Journaliste, collaborateur régulier pour Terra eco.

Un panneau photovoltaïque, une lampe et un port USB : c’est la recette de Solar 21, jeune société rouennaise présente en Afrique et en Europe.

Mona. Le mot signifie « voir » en lingala, l’une des langues principales d’Afrique centrale. C’est aussi le nom d’une lampe se voulant « une solution pour permettre aux élèves de faire leurs devoirs, aux commerces ou aux dispensaires d’ouvrir le soir. Ce n’est pas une lampe de jardin, elle est conçue pour l’intérieur, en remplacement de la lampe à kérosène, source de CO2, ou de la bougie, qui cause des accidents », explique son créateur, Edgard Hardy.

Lire sous les lampadaires

En 2009, ce diplômé d’une école de commerce parisienne et prof d’économie et droit s’est lancé dans ce projet à partir d’un constat sans appel : « En Afrique noire, environ 80% de la population n’a pas accès à l’électricité. Et même ceux qui sont connectés subissent des coupures fréquentes. »

Un manque que ce quadra a connu dans son pays natal, le Congo Brazzaville : « Quand j’étais jeune, j’allais lire dans le quartier européen sous les lampadaires. Je me suis dit plus jamais ça. J’étais en Afrique il y a quelques mois et j’ai encore vu des jeunes dans la même situation. »

Avec le concours de l’Ecole centrale de Paris, il a donc planché sur cette lampe qui, grâce à un mini-panneau photovoltaïque de 1,8 W, permet en cinq à sept heures de recharge en plein soleil d’éclairer pendant une durée de 9 heures. Avec au choix une lumière diffuse pour une pièce, ou bien concentrée pour un bureau. Mais Mona compte aussi un port USB pour brancher son portable. « Au début, quand j’ai imposé qu’on puisse intégrer cette fonctionnalité, tout le monde se demandait pourquoi. Mais il faut savoir qu’environ la moitié des Africains a un téléphone portable », malgré les difficultés d’accès à l’électricité, rappelle-t-il.

Ministères et ONG

Outre l’expertise de l’école d’ingénieur parisienne, Edgard Hardy a bénéficié du soutien de Seinari, l’agence de l’innovation de la région Haute Normandie. « Il y a mis son cœur, ses réseaux, il fait partie de ceux qui devraient réussir », commente Philippe Gangneux, directeur adjoint de l’organisme. « La question qui tue que l’on pose c’est : "vous voulez vendre quoi, à qui, comment, combien et quand ?" Les perspectives de business sont intéressantes et il avait une idée des défis à relever et de la stratégie à adopter ».

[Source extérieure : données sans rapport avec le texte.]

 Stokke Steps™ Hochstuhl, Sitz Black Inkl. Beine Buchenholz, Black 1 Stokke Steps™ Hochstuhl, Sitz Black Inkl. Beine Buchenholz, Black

Le garçon sait s’appuyer sur des distributeurs locaux pour une revente directe ou un passage par un partenaire qui « donnera les lampes ou les vendra à prix coûtant. Cela peut être une personne physique, une administration, une grande entreprise, une ONG », détaille Edgard Hardy.

Après avoir décroché en 2010 le prix « Innovation et futur » du conseil régional, la société Solar 21 expédiera en avril sa première commande de 5000 pièces en avril au Congo Brazzaville, où elle a noué un partenariat. Une deuxième devrait suivre en République démocratique du Congo, où le distributeur a des contacts avancés avec les ministères de la Santé et de l’Education.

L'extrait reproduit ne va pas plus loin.